Tiny Ruby HTTP client for the Verm immutable, WORM filestore

Primary LanguageRubyMIT LicenseMIT

Verm client library for Ruby

Verm (https://github.com/willbryant/verm) is a WORM (write-once, read-many) file store to make it easy to reliably store and replicate files. Clients talk to Verm over simple HTTP POST and GET calls.

This tiny client library adds one-line convenience methods for storing files in Verm and retrieving/streaming them back again.

Saving content

mydata = "data to store"
VERM_CLIENT = Verm::Client.new("my-verm-server")
VERM_CLIENT.store("/important_gifs/january", mydata, "text/plain") # => String

The store call will return a path like /important_gifs/january/ab/cdefgh.txt, only longer (Verm makes the filename using an URL-safe base64 encoding of the SHA-256 of the content).

Saving files

You don't need to read the whole file into memory before calling store, just pass the IO object in:

VERM_CLIENT = Verm::Client.new("my-verm-server")

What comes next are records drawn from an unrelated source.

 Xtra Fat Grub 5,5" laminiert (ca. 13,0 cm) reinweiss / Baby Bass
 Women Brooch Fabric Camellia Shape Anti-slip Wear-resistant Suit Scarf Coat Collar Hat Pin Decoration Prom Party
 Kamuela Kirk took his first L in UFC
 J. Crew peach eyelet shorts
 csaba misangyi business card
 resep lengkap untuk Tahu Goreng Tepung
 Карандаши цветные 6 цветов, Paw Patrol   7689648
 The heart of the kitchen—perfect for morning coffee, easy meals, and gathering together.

File.open("example.jpg", "rb") do |f|
  VERM_CLIENT.store("/important_gifs/january", f, "image/jpeg") # => String

Retrieving content

VERM_CLIENT = Verm::Client.new("my-verm-server")

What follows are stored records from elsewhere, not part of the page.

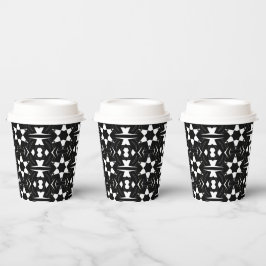 Monochrome Puls Papieren Bekers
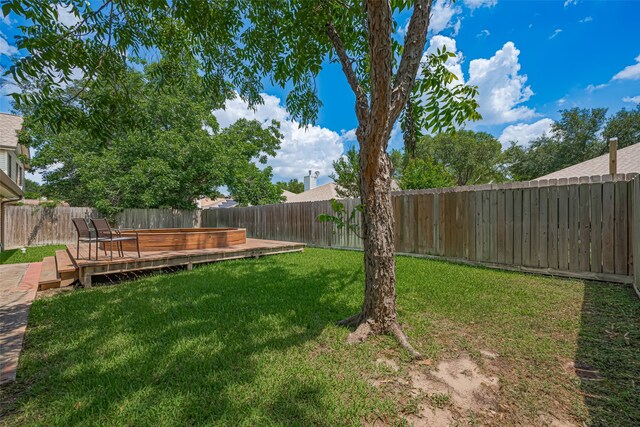 19426 Gladewater Dr, Tomball, TX 77375 - view of yard featuring a deck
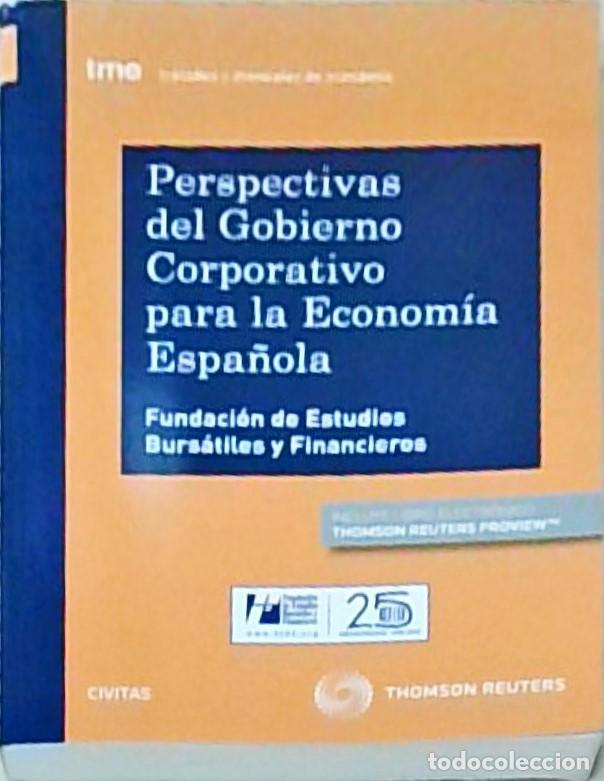 Libros: Perspectiva del Gobierno corporativo para la Econom&iacute;a Espa&ntilde;ola. Fundaci&oacute;n de Estudio Burs&aacute;tiles y Fi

data, content_type = VERM_CLIENT.load("/important_gifs/january/ab/cdefgh.jpg")

This basically does the same thing as the built-in Net::HTTP get method (aside from timeouts, error handling, etc.):

Net::HTTP.get('my-verm-server:3404', '/important_gifs/january/ab/cdefgh.jpg') # => String - the file content

So you really don't need a client library for this - but it's usually more convenient to configure the Verm server somewhere central, instead of sprinkling it through your application.

Verm stores all content without touching its character encoding, but Ruby 1.9+ treats all strings as having a specific character encoding. Most applications use UTF-8 for all text, so by default, the load method will set the character encoding of text/* content returned by Verm to UTF-8. You can override this or disable it entirely:

data, content_type = VERM_CLIENT.load("/important_gifs/january/ab/cdefgh.csv", force_encoding: 'ISO-8859-1')
data, content_type = VERM_CLIENT.load("/important_gifs/january/ab/cdefgh.csv", force_encoding: nil)

Retrieving large content

If the data is large, reading it all into memory as a string is inefficient. Instead you can use stream, which will yield the file contents in chunks:

VERM_CLIENT = Verm::Client.new("my-verm-server")

File.open("out.csv", "w") do |f|
  VERM_CLIENT.stream("/big_data/ab/cdefgh.csv") do |chunk|
    f.write chunk

Because the chunks may not be broken on a character encoding boundary, the character encoding can't be set as for load, so they will still have the default ASCII-8BIT binary encoding.

File compression

Like HTTP and web browsers, Verm treats gzip compression as being a way of making transfers smaller and faster, not a separate file type. So if you want to store gzipped files, you still get to say what content-type the actual file content has.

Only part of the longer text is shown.